INSTRUCTIONS TO FOLLOW:
Which lines in the material below contain the word "from"? Copy each of them.

RECORDS FOR THIS EXERCISE:
....

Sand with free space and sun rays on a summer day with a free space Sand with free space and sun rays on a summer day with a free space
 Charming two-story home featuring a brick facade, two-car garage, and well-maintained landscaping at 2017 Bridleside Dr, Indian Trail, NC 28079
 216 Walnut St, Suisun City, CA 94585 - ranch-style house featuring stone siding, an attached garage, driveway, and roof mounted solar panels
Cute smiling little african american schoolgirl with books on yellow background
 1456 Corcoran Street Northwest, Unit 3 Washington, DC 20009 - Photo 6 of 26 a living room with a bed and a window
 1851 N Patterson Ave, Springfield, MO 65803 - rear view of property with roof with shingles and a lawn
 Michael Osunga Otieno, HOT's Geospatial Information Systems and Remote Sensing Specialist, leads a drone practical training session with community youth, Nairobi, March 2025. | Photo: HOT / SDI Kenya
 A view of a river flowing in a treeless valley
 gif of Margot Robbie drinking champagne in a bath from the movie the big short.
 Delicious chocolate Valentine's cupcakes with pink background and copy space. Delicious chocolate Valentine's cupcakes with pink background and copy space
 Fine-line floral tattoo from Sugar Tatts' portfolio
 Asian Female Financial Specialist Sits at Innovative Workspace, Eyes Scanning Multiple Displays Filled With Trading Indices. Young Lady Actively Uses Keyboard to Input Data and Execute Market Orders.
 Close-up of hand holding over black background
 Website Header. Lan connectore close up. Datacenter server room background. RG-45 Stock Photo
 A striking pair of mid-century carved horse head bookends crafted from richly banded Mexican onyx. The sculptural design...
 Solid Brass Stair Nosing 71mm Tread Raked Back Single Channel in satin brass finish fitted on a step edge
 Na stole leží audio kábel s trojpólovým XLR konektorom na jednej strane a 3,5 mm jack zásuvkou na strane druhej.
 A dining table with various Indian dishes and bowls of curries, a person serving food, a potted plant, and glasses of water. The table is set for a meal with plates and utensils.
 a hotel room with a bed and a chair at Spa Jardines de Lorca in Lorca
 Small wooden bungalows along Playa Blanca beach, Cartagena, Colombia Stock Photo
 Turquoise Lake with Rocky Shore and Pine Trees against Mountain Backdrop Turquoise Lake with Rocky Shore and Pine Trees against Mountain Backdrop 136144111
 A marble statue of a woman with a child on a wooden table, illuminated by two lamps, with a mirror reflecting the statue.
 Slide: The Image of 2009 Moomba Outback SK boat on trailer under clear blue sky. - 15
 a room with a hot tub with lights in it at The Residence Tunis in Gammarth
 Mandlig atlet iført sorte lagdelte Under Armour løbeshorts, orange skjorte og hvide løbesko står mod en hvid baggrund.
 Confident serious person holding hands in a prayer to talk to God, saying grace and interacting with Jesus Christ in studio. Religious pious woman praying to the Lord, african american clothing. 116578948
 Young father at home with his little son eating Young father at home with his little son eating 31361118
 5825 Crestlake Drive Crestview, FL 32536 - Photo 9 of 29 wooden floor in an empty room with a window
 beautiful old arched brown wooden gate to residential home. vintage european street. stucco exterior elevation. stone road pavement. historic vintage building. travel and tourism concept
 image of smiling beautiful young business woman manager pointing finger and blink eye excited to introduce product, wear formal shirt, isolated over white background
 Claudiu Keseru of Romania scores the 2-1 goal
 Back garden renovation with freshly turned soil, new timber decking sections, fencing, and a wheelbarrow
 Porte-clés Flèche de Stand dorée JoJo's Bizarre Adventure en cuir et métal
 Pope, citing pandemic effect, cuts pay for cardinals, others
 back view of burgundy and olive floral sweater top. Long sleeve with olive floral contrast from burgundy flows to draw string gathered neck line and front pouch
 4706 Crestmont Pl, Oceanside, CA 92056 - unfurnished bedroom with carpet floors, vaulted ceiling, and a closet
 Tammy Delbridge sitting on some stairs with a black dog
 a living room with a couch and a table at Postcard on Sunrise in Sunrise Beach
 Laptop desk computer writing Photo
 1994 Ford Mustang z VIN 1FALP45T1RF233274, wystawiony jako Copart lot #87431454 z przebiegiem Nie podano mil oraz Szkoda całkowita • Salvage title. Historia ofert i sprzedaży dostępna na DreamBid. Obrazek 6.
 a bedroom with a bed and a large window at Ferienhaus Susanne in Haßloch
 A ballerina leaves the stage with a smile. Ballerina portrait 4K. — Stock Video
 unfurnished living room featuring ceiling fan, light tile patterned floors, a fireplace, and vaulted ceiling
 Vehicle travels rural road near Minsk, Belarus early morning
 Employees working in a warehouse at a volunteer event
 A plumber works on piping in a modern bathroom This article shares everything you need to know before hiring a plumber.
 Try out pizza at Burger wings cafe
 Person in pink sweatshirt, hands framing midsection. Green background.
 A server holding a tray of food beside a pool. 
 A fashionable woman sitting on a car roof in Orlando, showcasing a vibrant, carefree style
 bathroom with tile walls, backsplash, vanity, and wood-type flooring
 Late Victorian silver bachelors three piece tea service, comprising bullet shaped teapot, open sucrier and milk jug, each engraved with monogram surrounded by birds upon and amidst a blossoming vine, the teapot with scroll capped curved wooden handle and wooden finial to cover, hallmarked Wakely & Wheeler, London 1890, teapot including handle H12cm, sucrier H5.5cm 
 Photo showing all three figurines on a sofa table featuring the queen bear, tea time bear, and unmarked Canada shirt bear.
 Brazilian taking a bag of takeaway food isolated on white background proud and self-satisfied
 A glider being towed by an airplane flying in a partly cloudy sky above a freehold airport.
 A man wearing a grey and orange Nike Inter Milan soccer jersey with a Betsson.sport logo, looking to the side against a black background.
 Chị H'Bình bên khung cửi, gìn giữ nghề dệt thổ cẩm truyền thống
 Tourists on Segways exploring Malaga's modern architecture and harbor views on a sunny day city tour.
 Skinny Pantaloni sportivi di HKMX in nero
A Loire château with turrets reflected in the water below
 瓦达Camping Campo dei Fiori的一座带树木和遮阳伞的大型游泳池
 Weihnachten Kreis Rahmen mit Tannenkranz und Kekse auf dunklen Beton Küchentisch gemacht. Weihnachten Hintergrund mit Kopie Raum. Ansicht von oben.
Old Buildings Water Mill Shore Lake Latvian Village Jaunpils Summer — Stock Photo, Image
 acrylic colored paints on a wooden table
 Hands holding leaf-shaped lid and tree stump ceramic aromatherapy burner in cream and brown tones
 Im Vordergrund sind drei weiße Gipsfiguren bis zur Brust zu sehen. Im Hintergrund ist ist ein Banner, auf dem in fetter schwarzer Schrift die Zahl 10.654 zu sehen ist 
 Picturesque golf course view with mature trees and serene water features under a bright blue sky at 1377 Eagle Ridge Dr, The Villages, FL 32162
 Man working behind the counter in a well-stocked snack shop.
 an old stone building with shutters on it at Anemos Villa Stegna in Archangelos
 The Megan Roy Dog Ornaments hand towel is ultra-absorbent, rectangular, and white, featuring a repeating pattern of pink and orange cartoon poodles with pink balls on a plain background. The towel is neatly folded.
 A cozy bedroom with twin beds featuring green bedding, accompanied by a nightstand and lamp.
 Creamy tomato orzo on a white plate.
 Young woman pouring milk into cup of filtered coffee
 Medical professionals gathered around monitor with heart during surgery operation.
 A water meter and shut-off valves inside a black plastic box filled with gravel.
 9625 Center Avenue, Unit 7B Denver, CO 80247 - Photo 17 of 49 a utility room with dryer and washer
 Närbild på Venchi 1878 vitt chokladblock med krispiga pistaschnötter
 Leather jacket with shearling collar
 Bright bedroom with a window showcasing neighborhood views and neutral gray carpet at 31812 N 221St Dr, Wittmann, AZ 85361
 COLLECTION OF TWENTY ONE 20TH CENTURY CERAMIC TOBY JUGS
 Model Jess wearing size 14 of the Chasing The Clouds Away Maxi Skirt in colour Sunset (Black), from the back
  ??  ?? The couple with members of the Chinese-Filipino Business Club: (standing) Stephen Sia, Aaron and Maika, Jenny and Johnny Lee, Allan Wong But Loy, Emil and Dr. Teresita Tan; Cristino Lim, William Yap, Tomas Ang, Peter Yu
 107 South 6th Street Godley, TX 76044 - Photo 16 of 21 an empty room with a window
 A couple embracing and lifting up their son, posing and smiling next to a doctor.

....

TASK RESPONSE:
 gif of Margot Robbie drinking champagne in a bath from the movie the big short.
 Fine-line floral tattoo from Sugar Tatts' portfolio
 A striking pair of mid-century carved horse head bookends crafted from richly banded Mexican onyx. The sculptural design...
 back view of burgundy and olive floral sweater top. Long sleeve with olive floral contrast from burgundy flows to draw string gathered neck line and front pouch
 Model Jess wearing size 14 of the Chasing The Clouds Away Maxi Skirt in colour Sunset (Black), from the back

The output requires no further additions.